Пришел он со своим фотоаппаратом: тот был зажат у него в другой руке, – и, как я ни трепетал, а все ж подумал, странно, что он его попросту в машине не оставил.
– Да нет же, правда, я никогда, клянусь Богом… – балаболил я, а в глазах у меня опасно защипало, того и гляди слезы брызнут. В опрометчивости своей я поставил 32-унциевый стакан «Голубизны» на край прилавка, и в тот миг, когда я его отпустил, ситуация из просто плохой сделалась гораздо, гораздо хуже. Стакан перевернулся и упал, ударился об пол, забрызгал ему брюки в паху и оросил сапфировыми каплями его фотоаппарат.
– Твою мать! – вскричал Финикиец и подался назад, пританцовывая на мысках ковбойских сапог. – Ты что, твою мать, дебил, ты, громадная куча дерьма?!
– Эй, – прикрикнула мама Мэта, тыча пальчиком в Финикийца. – Эй, эй, эй… никаких драк в магазине, я полицию вызову!
Финикиец опустил взгляд на запятнанную голубым одежду, потом вновь поднял его на меня. Лицо его помрачнело. Положив не похожий на себя «Полароид» на прилавок, он шагнул ко мне. Не знаю, каковы были его намерения, только левая нога его подвернулась в луже «Полярной голубизны на кока-коле со льдом», и он зашатался. У сапог этих были высокие кубинские каблуки, на вид они казались надежными, однако, должно быть, ходить на них было не легче, чем вышагивать на шестидюймовых шпильках. Финикиец едва-едва устоял и не шлепнулся на одно колено.
– Я все уберу! – закричал я. – Ой, простите, я так виноват, я все тут уберу, и, о господи, поверьте, я никогда не пытался кого-то хоть в чем-то обмануть, я действительно честный, стоит мне пукнуть, как я сразу признаюсь в этом, даже когда мы в школьном автобусе едем, Богом клянусь, клянусь…

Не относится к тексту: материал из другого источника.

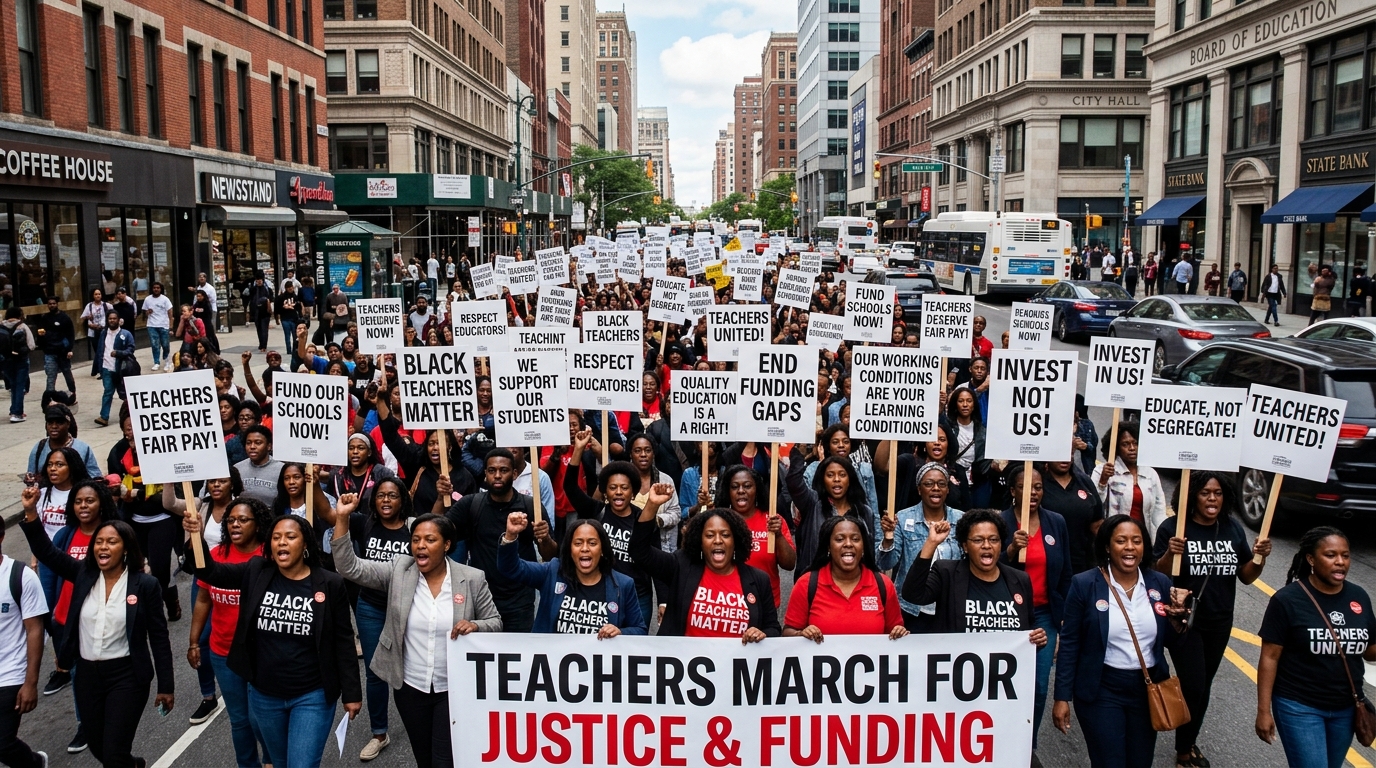 Large crowd of black teachers protesting and holding placards and chanting slogans in a busy city street, captured in daylight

– Ага, братан, остынь, – произнес Мэт, поднимаясь со своей табуретки. Он был мускулист и высок, к тому же темноглаз и голова брита, ему и угрожать незачем было, чтоб выглядеть грозно. – Успокойся. Фиглик в порядке. Гарантирую, он не пытался вас надуть.
– А ты, твою мать, не суйся, – бросил ему Финикиец. – Или постарайся быть повнимательнее, когда выбираешь, на чью сторону встать. Детеныш выставил меня на десять баксов, облил меня своим пойлом, а потом я едва в эту лужу дерьма задницей не бахнулся…
– Не натягивай сапог, если не умеешь ходить в них, дружок, – посоветовал Мэт, не глядя на него. – Мог бы не сегодня-завтра и побольней получить.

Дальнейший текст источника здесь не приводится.